Stille Bylle – Der erste Morgen Textland ist beackert! :)

(die Beiträge mit den Teilen der Erzählung stille Bylle enthalten immer so viel Text, wie ich an einem Morgen schaffe. Obwohl der Morgen in der Landwirtschaft inzwischen eine feste Maßeinheit ist, schafften die Bauern zumindest früher nicht immer gleich viel. und so wird es auch mit dem textland sein.)

„Wer dem Tod eines Altersgenossen begegnet, begegnet immer auch seinem eigenen Tod!“, dachte Gesken Paulsen.
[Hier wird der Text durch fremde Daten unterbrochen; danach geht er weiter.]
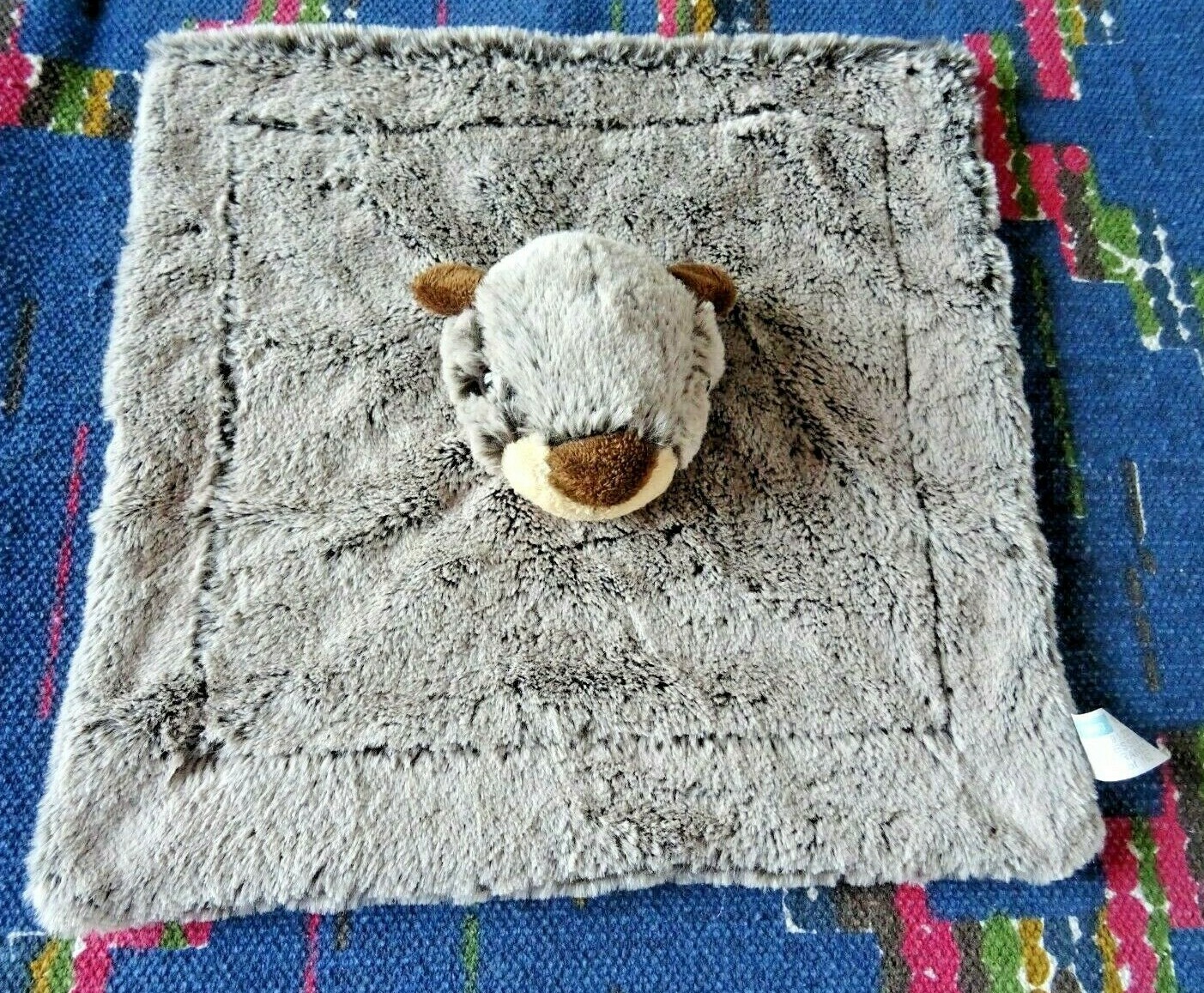 Doudou plat marmotte Kom Neuf un tendre complice marron chiné pour la vie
Sie wandte den Kopf langsam nach links und von der Toten ab. Doch der Gedanke, der ihr über den Tot in den Sinn gekommen war, änderte durch die Bewegung seine Richtung nicht und führte sie nicht an den Punkt, wo die Quelle, von der dieser Gedanke über den Tot stammte, gespeichert war. Gesken registrierte, dass ihr Gedächtnis sie ausnahmsweise im Stich ließ. Aber anstatt sich darüber zu ärgern, schloss sie kurz die Augen, um sich zu sammeln, öffnete sie dann wieder und betrachtete das Zimmer, in dem die Tote gefunden worden war.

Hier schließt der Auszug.